2006 borewell rescue of Prince Kumar
- Date: July 21–23, 2006
- Location: Haldaheri, Kurukshetra district, Haryana, India;
- Cause: Prince Kumar falling into uncovered borewell
- Outcome: 50-hour operation by Indian Army, resulting in Prince Kumar's safe rescue

= 2006 borewell rescue of Prince Kumar =

2006 Indian rescue of child from borewell

In July 2006, Prince Kumar, a five-year-old boy, fell into a 60 ft deep, narrow borewell in the village of Haldaheri, Kurukshetra district, Haryana. The rescue effort, which lasted nearly 50 hours, garnered massive national media attention and involved the Indian Army.

==Incident==
On 21 July 2006, Prince Kumar fell into an abandoned, uncovered borewell while playing. Villagers soon heard his cries from inside the well and discovered that he had fallen inside.

==Rescue operation==
The shaft was approximately 1 ft wide, making it impossible for an adult to descend and retrieve him.

Firefighters from Mumbai had been called to help with the rescue. After initial rescue attempts failed, the Indian Army was called to lead the rescue mission. As the boy tried to wriggle out by himself, he would slide down further by 10 feet, ultimately reaching the bottom of the borewell. There was also a concern that the borewell would collapse onto the boy. A closed-circuit camera was also lowered into the shaft to monitor his condition and well-being. During the operation, oxygen was pumped into the well, and food, milk and chocolates were lowered to the boy using a rope.

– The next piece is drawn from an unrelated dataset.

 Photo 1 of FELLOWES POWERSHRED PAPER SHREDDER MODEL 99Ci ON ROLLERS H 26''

Engineers and soldiers used heavy machinery to dig a parallel pit adjacent to the borewell. They were helped by a dry well which was parallel to the borewell, which they then dug deeper. Once the parallel shaft reached the necessary depth, rescuers hand-dug a horizontal tunnel to connect the two pits.

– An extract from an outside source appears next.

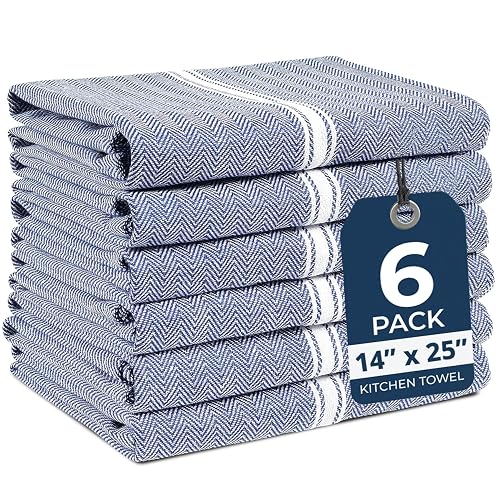 LANE LINEN Kitchen Towels 100% Cotton Absorbent Lint-Free 6 Pack | For Drying, Cleaning and Gifting, Classic Herringbone Weave, Dish Towels, Lint Free and Fade Resistant - Blue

Prince was successfully pulled out of the well on 23 July 2006 to widespread celebration across India. While the Army claims that a young officer named Captain Pankaj Upadhyay finally pulled Prince out, some reports suggest that he refused to come out until his uncle was sent down to retrieve him.

==Aftermath and legacy==
The event was one of the first of its kind to be broadcast live on 24-hour news channels in India, leading to a "media circus" and nationwide prayers. Thousands sent in their wishes and prayers to the news channels. Following his rescue, the state government of Haryana announced that it would cover the costs of Prince's education and well-being.

Inspired by the soldiers who saved him, Prince Kumar expressed a desire in later years to join the Indian Army. The incident also prompted discussions regarding the safety of abandoned borewells in rural India.